Let O be the stationary observer and O' be the train's observer (at rest in the train's frame) in relative motion at velocity $v = \beta c$ ($\beta = \frac{v}{c}$, $\gamma = \frac{1}{\sqrt{1-\beta^2}}$). Take the origin of O' in the center of the train as usual and let A be the left (rear) end of the train, and B the right (forward) end. Let the length of the train be $2L$, such that the positions of A and B wrt O' are $x_A' = -L$ and respectively $x_B'=L$. 


*

*In his frame, O' measures the train's length by using events that are simultaneous at A and B. We could argue that this is not necessary since A and B are at rest wrt O', but the procedure must be the same regardless of whether it is applied to objects at rest or in motion. Since there is no better way to properly define it for objects in motion, we also extend the procedure as such for objects at rest. So lets say that O' measures the distance between A and B using events $\mathcal{A} = (-L, ct'_0)$ and $\mathcal{B} = (L, ct'_0)$ at his time $ct'_0$. What does the stationary observer O see instead? To him event $\mathcal{A}$ has coordinates 
$$ 
x_A = \gamma(x_A' + \beta ct'_0) = \gamma(-L + \beta ct'_0)\\
ct_A = \gamma(ct'_0 +\beta x_A') = \gamma(ct'_0 -\beta L)
$$ 
while event $\mathcal{B}$ occurs at 
$$
x_B = \gamma(L + \beta ct'_0) = x_A + 2 \gamma L\\ 
ct_B = \gamma(ct'_0 + \beta L) = ct_A + 2 \beta \gamma L
$$ 
Obviously he observes $\mathcal{A}$ and $\mathcal{B}$ occurring at a distance 
$$
x_B - x_A = 2 \gamma L \equiv \gamma( x_B' - x_A') > ( x_B' - x_A') = 2L
$$ 
and separated in time by 
$$
c\Delta t = ct_B - ct_A = 2 \beta \gamma L \equiv \beta (x_B - x_A) > 0
$$
These are the two events you were considering and, again obviously, they don't show a length contraction, but a length dilation! Yep, but this length dilation occurs between non-simultaneous events, so it cannot measure the train length as it is observed by O.
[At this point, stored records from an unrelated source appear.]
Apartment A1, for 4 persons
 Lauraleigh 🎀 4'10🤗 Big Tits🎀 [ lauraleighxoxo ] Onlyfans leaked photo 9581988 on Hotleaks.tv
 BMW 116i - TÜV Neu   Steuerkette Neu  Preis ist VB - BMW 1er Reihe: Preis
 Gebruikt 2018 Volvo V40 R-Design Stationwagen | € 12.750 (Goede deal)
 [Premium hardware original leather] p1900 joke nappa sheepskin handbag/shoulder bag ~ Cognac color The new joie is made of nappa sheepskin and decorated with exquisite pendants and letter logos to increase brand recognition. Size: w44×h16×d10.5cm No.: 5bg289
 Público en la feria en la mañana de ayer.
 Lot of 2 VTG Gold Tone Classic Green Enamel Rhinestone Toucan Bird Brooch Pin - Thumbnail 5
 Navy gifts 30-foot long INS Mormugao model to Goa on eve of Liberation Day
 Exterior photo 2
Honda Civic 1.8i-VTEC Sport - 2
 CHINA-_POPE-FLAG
*Let's see how O really measures the train's length. For this purpose O has to consider events or observations $\bar{\mathcal{A}} = (\bar{x}_A, ct_0)$ and $\bar{\mathcal{B}} =  (\bar{x}_B, ct_0)$ that are simultaneous with respect to him at some time $ct_0$, although in O' they still occur at the same locations $x_A' = -L$ and $x_B' = L$, at the train's ends. This means that the relation between the coordinates of $\bar{\mathcal{A}}$ and $\bar{\mathcal{B}}$ in the two frames must be
$$
\bar{x}_A = \gamma ( -L + \beta c\bar{t}_A')\\
ct_0 = \gamma (c\bar{t}_A' -\beta L)
$$
and
$$    
\bar{x}_B = \gamma ( L + \beta c\bar{t}_B')\\
ct_0 = \gamma (c\bar{t}_B' + \beta L)
$$
If we eliminate the O' times $c\bar{t}_A'$ and $c\bar{t}_B'$, and then look at the distance between $\bar{\mathcal{A}}$ and $\bar{\mathcal{B}}$ as observed in O we obtain
$$
\bar{x}_B - \bar{x}_A = \gamma(L + \frac{\beta}{\gamma}ct_0 - \beta^2 L - (-L) - \frac{\beta}{\gamma}ct_0 - \beta^2 L) = \gamma (1- \beta^2) 2L 
$$ 
or 
$$
\bar{x}_B - \bar{x}_A = \frac{2L}{\gamma}
$$

In other words, O does see the train length contracted by a factor of $\frac{1}{\gamma}$, although he sees distances between events that are simultaneous in O' as dilated by a factor of $\gamma$.